Most quasi-satellites are typically temporary, Neptune currently has a large one ~250km long, Venus even has one that'll only orbit for another 500 years [4].
I like the convention in most space-exploration sci-fi of calling natural planetary satellites "moons" and stars with planetary systems "suns", but calling our sun "Sol" and Earth's moon "Luna".
I bet there's a word for that - using the more general term for something as a proper noun when the meaning is obvious from context. Like calling the largest nearby city just "The City". I figure it's the same general idea behind calling it "The Moon".
moon (n.)
Old English mona,
from Proto-Germanic *menon-,
from PIE *me(n)ses- "moon, month"
That's a straight line of descent from proto-Indo-European to modern English. No borrowing at any point.
Interestingly, etymonline also points out that the english word "moon" is cognate with the classical Greek word for the moon "mene". This leads nicely into your more interesting, and less wrong, claim:
> the Greek name for the body was Io
This is a little unconventional. I'm not really trained in classical Greek, but I also thought the word was selene.
Doing a simple search of greek dictionary entries through perseus ( http://www.perseus.tufts.edu/hopper/definitionlookup?type=be... ) quickly tells us that there are many, many, many greek words relating to the moon that use a form of selene or mene (aselenos, moonless; selenion, moonlight; hyposelenios, under the moon; triselenos, of three moons; numenia, the new moon; dichomenia, the full moon; skotomene, moonless night; etc. etc. etc.) Further inspection reveals that the term selene never appears in Homer, while mene does, so mene is probably older. (Knowing that mene comes from a PIE root also supports the idea that it's older.)
Io also appears, with a short gloss of "the moon". But the related dictionary entries don't really deal with that sense; they prefer to define Io as the mythological daughter of Inachus.
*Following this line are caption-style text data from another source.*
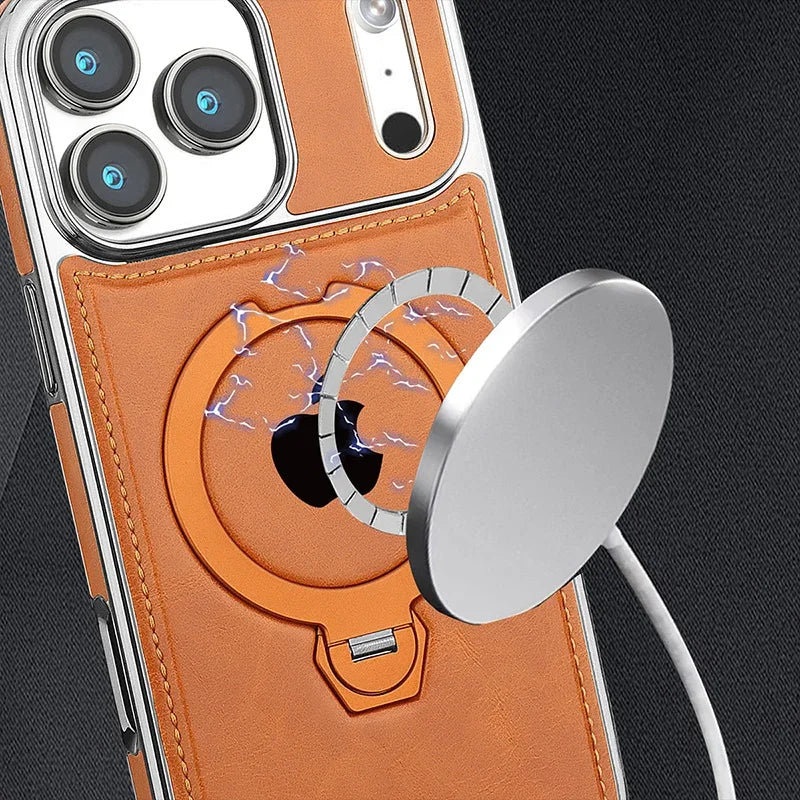 Luxury Leather Phone Case For Apple iPhone 12 13 14 15 16 17 18 Pro Max Plus Wireless Charging Magnetic Ring Kickstand Cover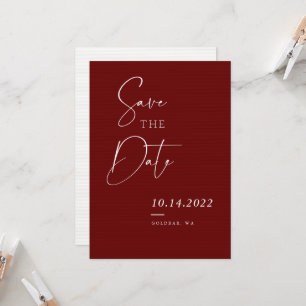 Burgundy Red Fall Chic Script Save the Date Invitation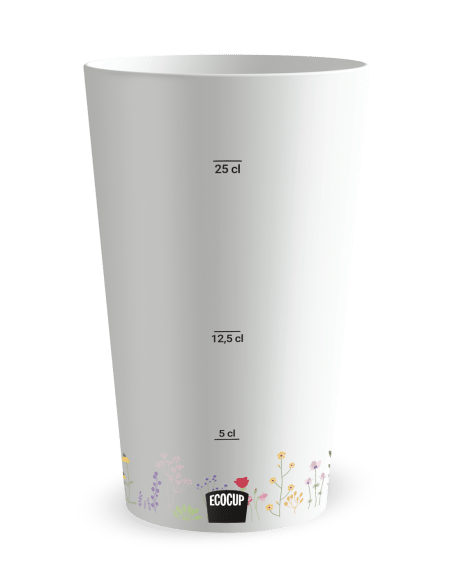 Gobelet blanc Graduation - mariage fleurs des champs - Ecocup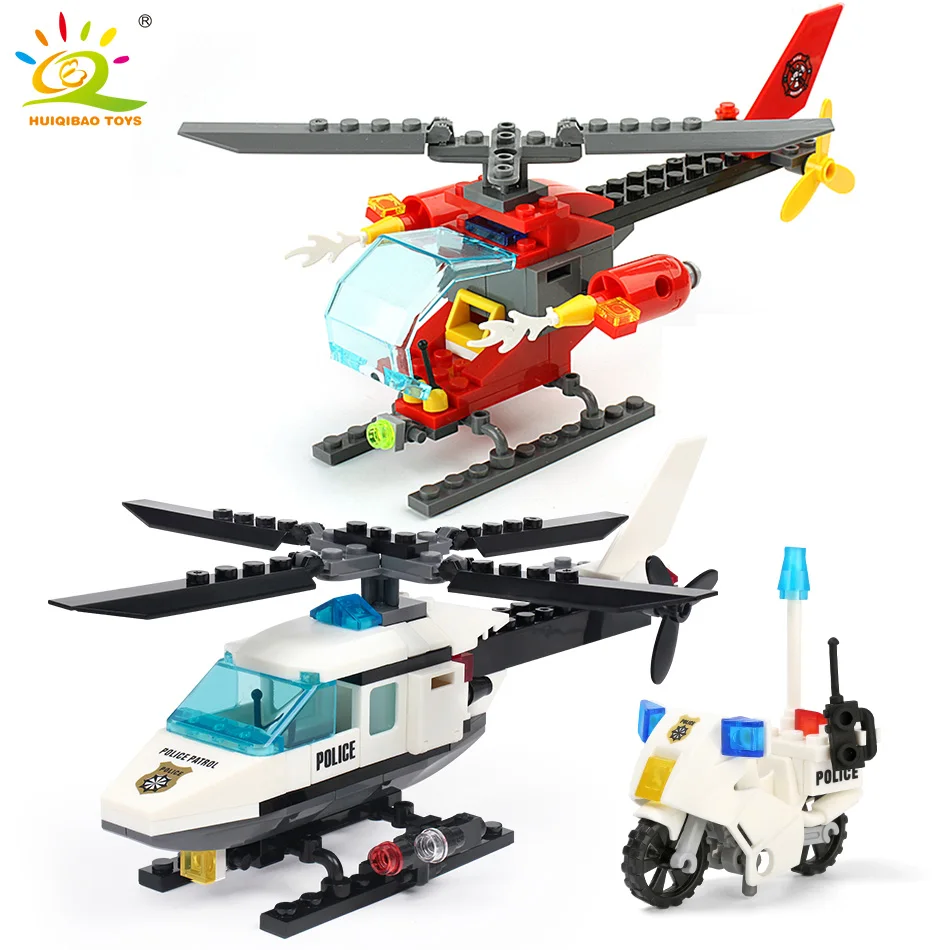 HUIQIBAO городские полицейские блоки для самолета лего строительные городской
But there is a citation to "Eust.ad D.P.92" in which Io is the "name of the moon at Argos". Wikipedia's entry on Io (the mythological figure) also says, "The ancients connected Io with the Moon", with a citation to "Eustathius of Thessalonica commentary on Dionysius Periegetes, 92", which looks like the same thing as the LSJ cite perseus gives. Wikipedia also cites this to a 10th-century Byzantine encylcopedia which Eustathius is known to have been familiar with, and to a 5th-century Greek philologist. None of those cites go to web resources, and I would be unlikely to get much out of them even if they did, but it does appear that there was a minor strain of referring to the moon as Io in some places at some point.
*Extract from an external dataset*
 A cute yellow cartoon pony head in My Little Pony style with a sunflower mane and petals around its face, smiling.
But selene and mene are clearly better candidates for "the word for the moon", since only they are used to form moon-related words. (Really, there are two words for the moon -- both terms appear as goddesses, but obviously have an ordinary, non-divine sense.) As far as I can see, Io is a mythological allusion, not "the word for the moon". It's even capitalized in the dictionary entry with the moon gloss.
How'd you learn that the Greek name for the moon was supposedly Io? Do you remember?
Finally,
> Luna was the Roman goddess represented by the body.
Sure, that's true, but luna is also just the ordinary Latin word for the moon. You might notice that the same thing happens with both selene and mene. Personification deities are dirt-common in classical literature. Take the goddess who started the Trojan war, Eris. She's referred to (by us) as the goddess of discord. And Eris isn't really a name -- it's just the word for quarreling and strife.